From SIT to the Legislature
Alumna Diana Gonzalez takes the conflict transformation skills she learned at SIT to the Vermont State House
For Diana Gonzalez, an SIT Graduate Institute education has led to work as a teacher, mediator, election observer, and now a Vermont state legislator. It’s also led to continued involvement with SIT.
Gonzalez, a Progressive/Democrat, represents Chittenden 6-7, Vermont’s most diverse district, which encompasses Winooski and a small part of Burlington. She is the state’s first Latina and openly LGBTI legislator.
Gonzalez graduated from SIT with an MA in conflict transformation in 2006. Her SIT coursework is something she still draws on as a lawmaker. The skills she gained included “understanding motivations and the complexity of human involvement and interaction, patterns of conflict, and how to intervene in cycles of conflict,” she says. “Getting clear on your own motivations and how to work with people in intense situations — in making laws, that’s exactly what you do.”
It’s been a long and varied road to working in politics. Gonzalez has been an election observer in Guatemala; a peer mediation coordinator in Greenfield, Massachusetts; a classroom teacher in Vermont and in language schools outside of Vermont; and a union organizer at the University of Vermont. She has also returned to SIT to teach youth summer programs. These days, in addition to working in the legislature — a January through May job in Vermont — she’s working on her doctorate in education at the University of Vermont.
Gonzalez recently visited SIT’s Brattleboro campus to speak to high schoolers in the Current Issues and Youth Activism institute, a program created by SIT in 1985 for the Governor’s Institutes of Vermont and hosted at SIT’s Vermont campus since then. The institute was one of nine specialized on-campus residencies offered at Vermont colleges in summer 2016. Last year, Gonzalez participated in the Governor’s Institute at SIT as part of a Young Leaders in Politics panel. This year, she returned to talk about social change and the roles students might eventually take in social activism.

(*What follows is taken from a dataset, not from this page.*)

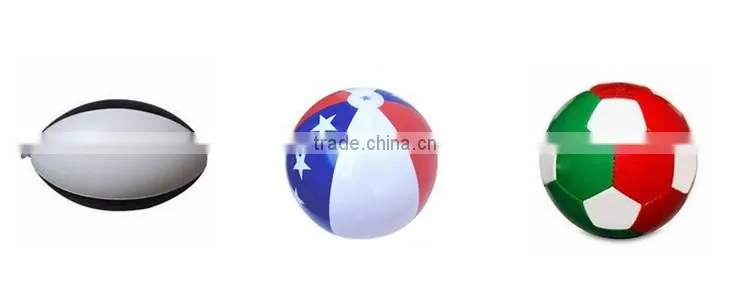 Promotional pvc inflatable beach ball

In her talk, she gave students an example scenario: “A natural disaster hits hard at a manufactured home park. The government didn’t do anything to prevent it, and now they’re not responding. What would you do?”
She offered students potential ways to get involved. “You go to help out, maybe babysit, or you start lobbying electeds” and others, she suggested. She invited students to think about what motivates them “depending on who you are and where you’re from.”
It’s been more than a decade since Gonzalez attended SIT. In that time, she says, she’s maintained and built upon SIT relationships. What she studied here has a direct bearing on what she’s doing now. “I’m fortunate that I’ve been able to work with youth programs. I’ve been able to take stuff from the classroom and use it, right now. It’s a direct application.”